Exercise input ▸
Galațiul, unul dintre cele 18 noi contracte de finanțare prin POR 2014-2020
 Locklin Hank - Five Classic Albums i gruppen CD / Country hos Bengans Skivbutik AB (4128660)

--

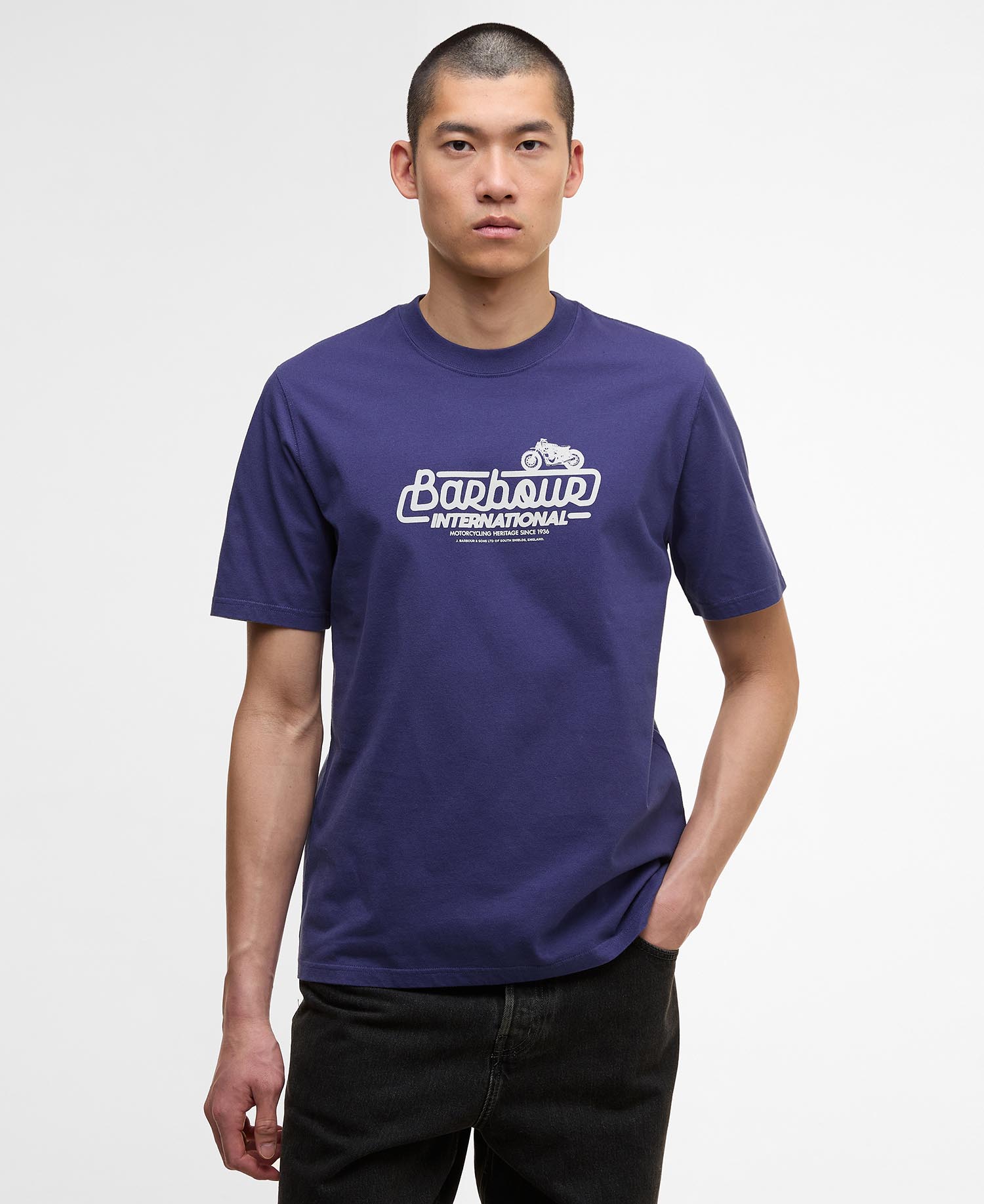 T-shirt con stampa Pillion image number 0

---

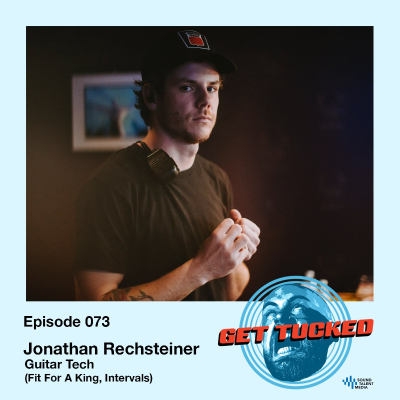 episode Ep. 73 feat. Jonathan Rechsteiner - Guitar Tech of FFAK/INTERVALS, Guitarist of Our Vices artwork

Assignment ▸
Output exactly the lines of the material above from the one containing "Galațiul, unul dintre" up to and including the one containing "Locklin Hank - Five".

Exercise response ▸
Galațiul, unul dintre cele 18 noi contracte de finanțare prin POR 2014-2020
 Locklin Hank - Five Classic Albums i gruppen CD / Country hos Bengans Skivbutik AB (4128660)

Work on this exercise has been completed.